Open JQFonseca opened 4 years ago
I believe the data that we use in the example notebook is now contained within the tests
folder and is small compared to the old example data. The old example data is still in the repo in the example_data
folder though and I don't think we use it (@mikesmic can confirm). If we remove that, the repo will be ~20mb which I think is reasonable.
Were you downloading though GitHub Desktop by the way? I have found that to be very slow for some reason which is not directly related to repo size. It sometimes takes a long time on a fast connection.
The example notebook now only using the data from the tests directory which contains 8.7MB of data - 4.9MP is a ctf file which we should maybe make smaller as it's not used in the example notebook. I will delete the example data directory in develop (I thought I had already done this tbh) which will cut out 36MB (60-70% of the total size)
It would be great to work towards having a library of example datasets, defined with consistent filenames and formats to automatically pull into a notebook.
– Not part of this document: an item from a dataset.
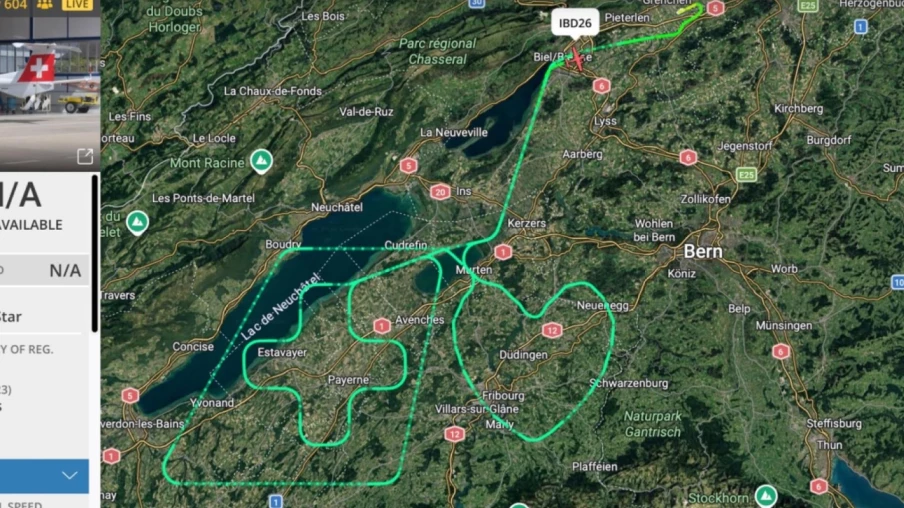 Un vol Swiss trace un message de soutien à la Nati sur les Trois Lacs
This is still an issue. Cloning downloads 321.29 MiB of data. What's being downloaded? Does cloning include the whole history? Any ideas @merrygoat ?
Yes, the hidden .git folder has all of the historical diffs - you should be able to check this by doing a shallow clone:
git clone -–depth [depth] [remote-url]
Where depth is the number of diffs to fetch.
You can use git filter-branch
to edit history and remove the files but do be careful, editing the history is slightly dangerous. Best to do locally first and ensure you are happy before a force push.
Publishing on PyPI is a better approach than fiddling with the git history, isn't it?
I didn't think of it like that, but yes certainly.
I had a look at finding big files and deleting them from the history, I found a decent guide (https://web.archive.org/web/20190207210108/http://stevelorek.com/how-to-shrink-a-git-repository.html) but it scares me. I will publish to PyPI for now, it's daft that I haven't done that yet
I installed DefDap on a different computer today and it took so long tod download everything, primarily because the example data (which is needed) is relatively large. Could I suggest we move it to a repository, like Zenodo and then have a command to download it in the example notebook?